Soweit ich richtig informiert bin, hat ja IBM schon mehrere Millionen in Second Life investiert. Ich könnte mir gut vorstellen, dass hinter den Kulissen zwischen LindenLAB und IBM schon intensivere Verhandlungen für die aktive Unterstützung bei der Servertechnologie, stattfinden.
Posted by: Enki | Friday, 18 May 2007 at 17:21
Das mit dem "(relativ) geringem Datenstrom" war aber ironisch gemeint, oder? Immerhin zwingt dieser "geringe" Datenstrom (über den unter anderem ALLE Texturen sowie jegliche Kommunikation fließen) mein iBook dermaßen in die Knie, dass die Software meint, die Verbindungsqualität ließe zu Wünschen übrig. Scheinbar ist einfach nicht genug Arbeitsspeicher/Prozessorleistung vorhanden um den Datentransfer effizient abzuwickeln.
Eigentlich qualifiziert sich der Cell Prozessor nicht als Spezialhardware. Das verhindert allein schon die Massenfertigung für den Consumer-Bereich (Playstation 3).
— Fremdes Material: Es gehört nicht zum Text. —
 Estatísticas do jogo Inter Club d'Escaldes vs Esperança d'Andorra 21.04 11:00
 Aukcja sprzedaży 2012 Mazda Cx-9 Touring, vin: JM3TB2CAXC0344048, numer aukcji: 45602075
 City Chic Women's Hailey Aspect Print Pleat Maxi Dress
Laut IBM ist er für Kryptographie, 3D-Berechnungen, physikalische und mathematische Berechnungen ausgelegt, also Alltagskram (vgl. Pentium, Athlon, PowerPC).
Allerdings soll er dabei etwas (wenn nicht wesentlich) schneller und energiesparender als die Konkurenz sein...
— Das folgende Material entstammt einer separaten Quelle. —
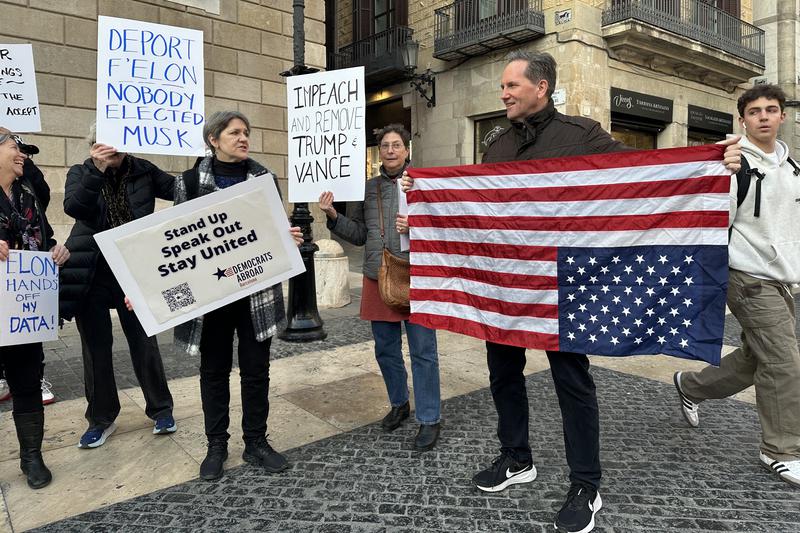 Some US nationals residing in Barcelona protested against Donald J. Trump's presidency in Barcelona on February 17, 2025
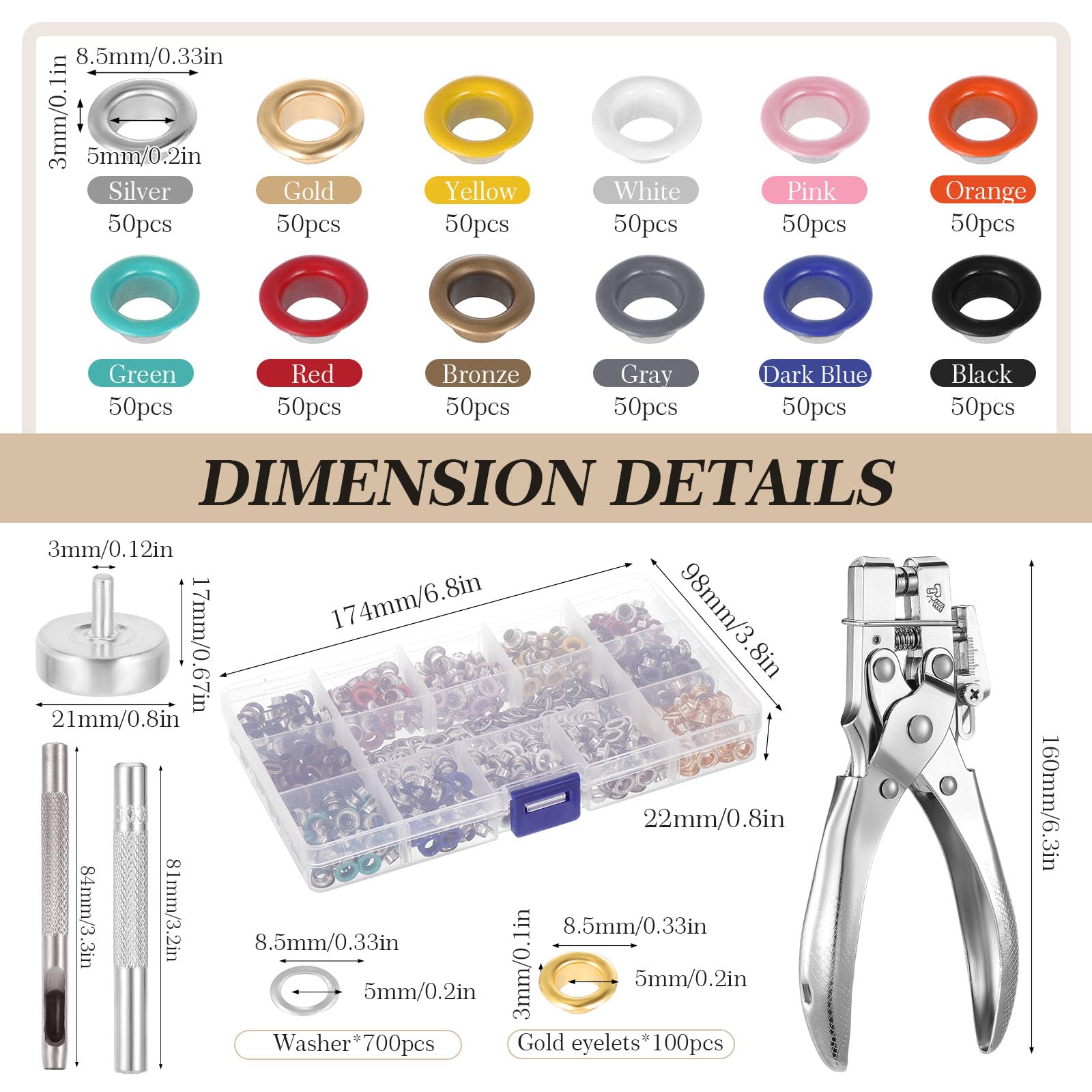 Gueenky Pince à Œillets avec 700 Oeillets Métalliques Ø 5 mm, Pince Perforatrice Oeillet avec 13 Couleurs Œillets pour Bâches Tissus Cuir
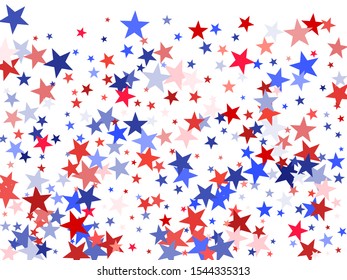 American Independence Day red blue white stars vector backgound. USA flag colors patriotic July 4th wallpaper. Flying star sparkles american symbols. Independence day holiday abstraction.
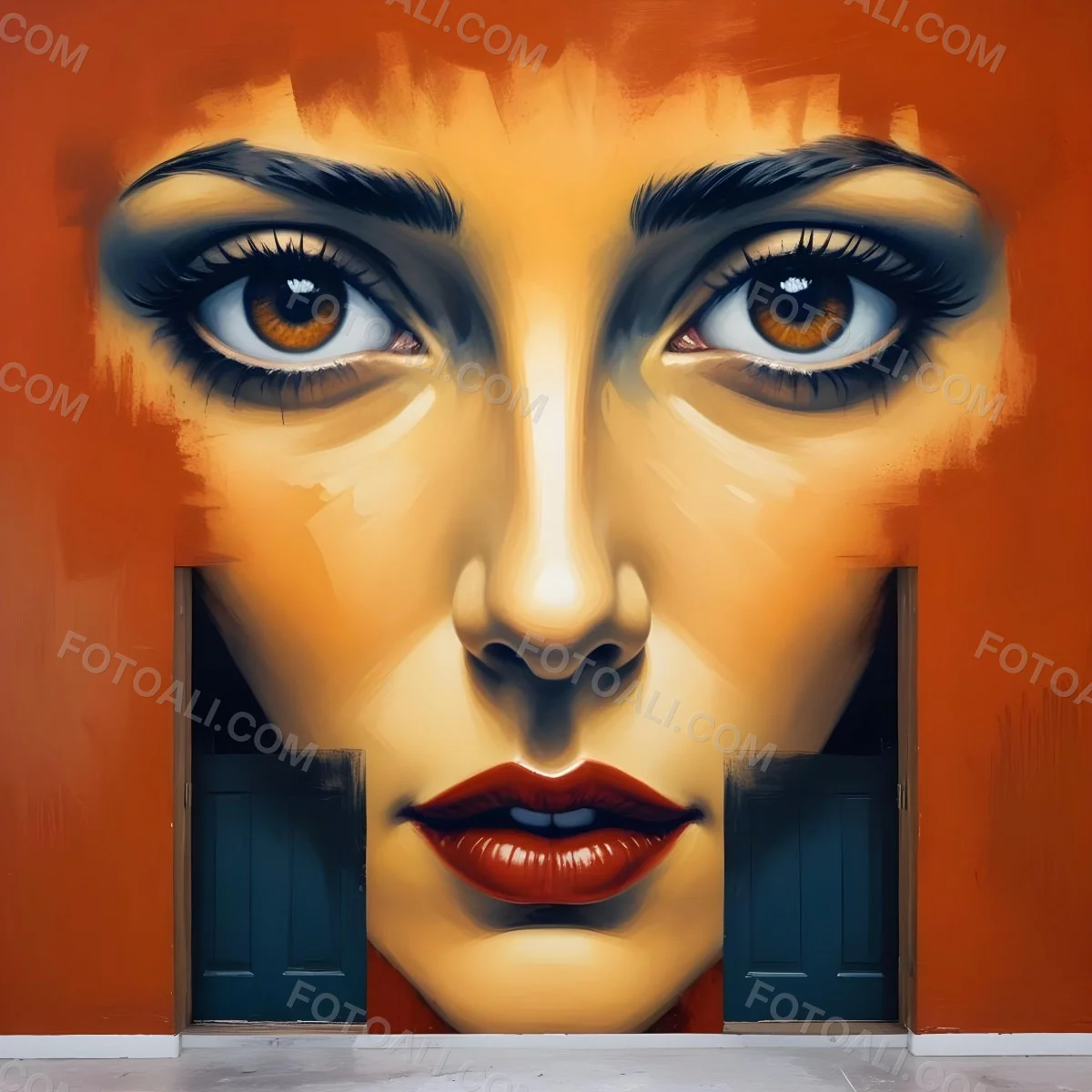 Oil Painting A Wall With A Painting Of A 30 Year Old White Woman With Brown Eyes And Dark Lips Two Doors At The Bottom Of The Wall Creative Extremely Detailed Brush Stroke 3 6aae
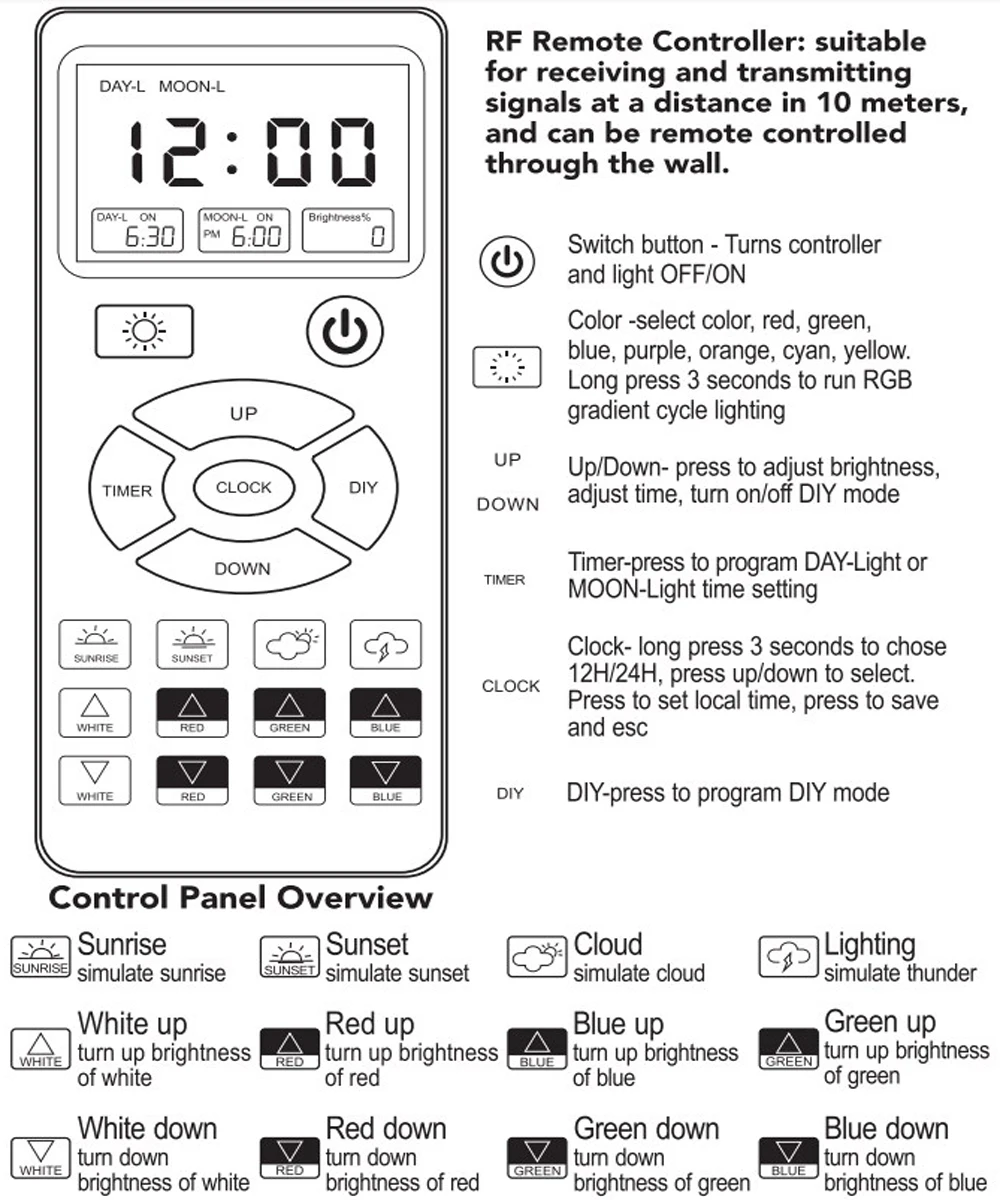 Programmable Aquarium Light for Plants, Fish Tank Light, Remote Memory Function, WRBG DIY Color, 24-36 Inch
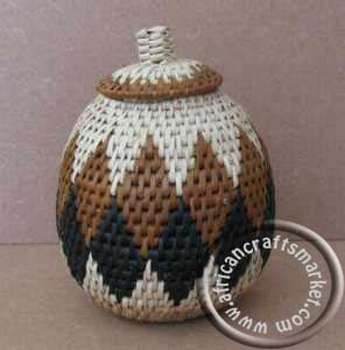 African grass woven pot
Ich vermute, dass der Cell eher den Berechnungen der Physics-Engine und dem Verarbeiten der Skripte zu Gute kommen soll als der Berechnung von 3D Grafiken. Immerhin läuft die Physics-Engine sowie die Skripte schon jetzt ausschließlich serverseitig, während ein "Vorberechnen" der 3D Grafiken sich vermutlich nicht so einfach implementieren lässt. Vor allem da sich die von Second Life unterstützten Plattformen (Windows, Macintosh und Linux) doch sehr stark unterscheiden und die eigentliche Berechnung im höchsten Maße von der Grafikkarte abhängt.